Yesterday, I posted an article about the horse, Reckless, who served in Korea with the Marines. Thanks to one of the veterans who read the article, additional information came to my attention after the fact. It’s true that Reckless was not spooked by the sounds of artillery fire, but the veteran pointed out that the name came from the reckless rifle, which was the kind carried by the Recoilless Rifle Platoon of the 5th Marine Regiment. The entire text of his remarks can be found in the comments section of that article listed below.
My own father was in the Korean War. He served in the Army and received a Commendation Ribbon with Metal Pendant for Meritorious Achievement.

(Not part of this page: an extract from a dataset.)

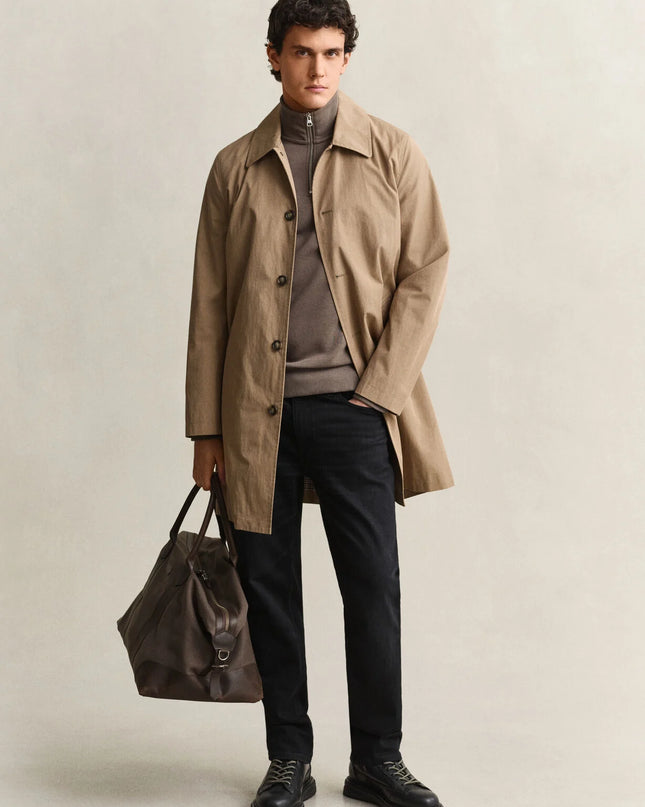 GANT Shield Half Zip - Black Brown Melange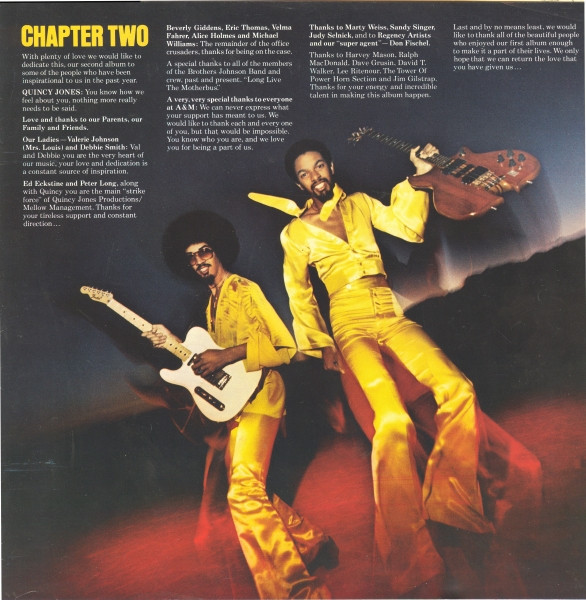 The Brothers Johnson* - Right On Time (LP, Album, Ter) - BullTrax The Brothers Johnson ピクチャーレコード【sample】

This happened before I was ever born, but it has always been a quiet fact of my dad’s life. He didn’t talk about it much, wasn’t the type to tell war stories, but occasionally he would describe what it was like.
It wasn’t until I visited the Harry S. Truman Library and Museum in Independence, Missouri, that my dad’s stories of the marches through the mountains and the bitter cold came to life. One wall of the museum has a black and white, mural-size photo that shows the mountains covered with snow and soldiers making their way down the winding road in single file. I stood there and just stared at it.
Now, 60 years after the end of the war, we still honor those who served. As the years pass, you will still be honored and remembered.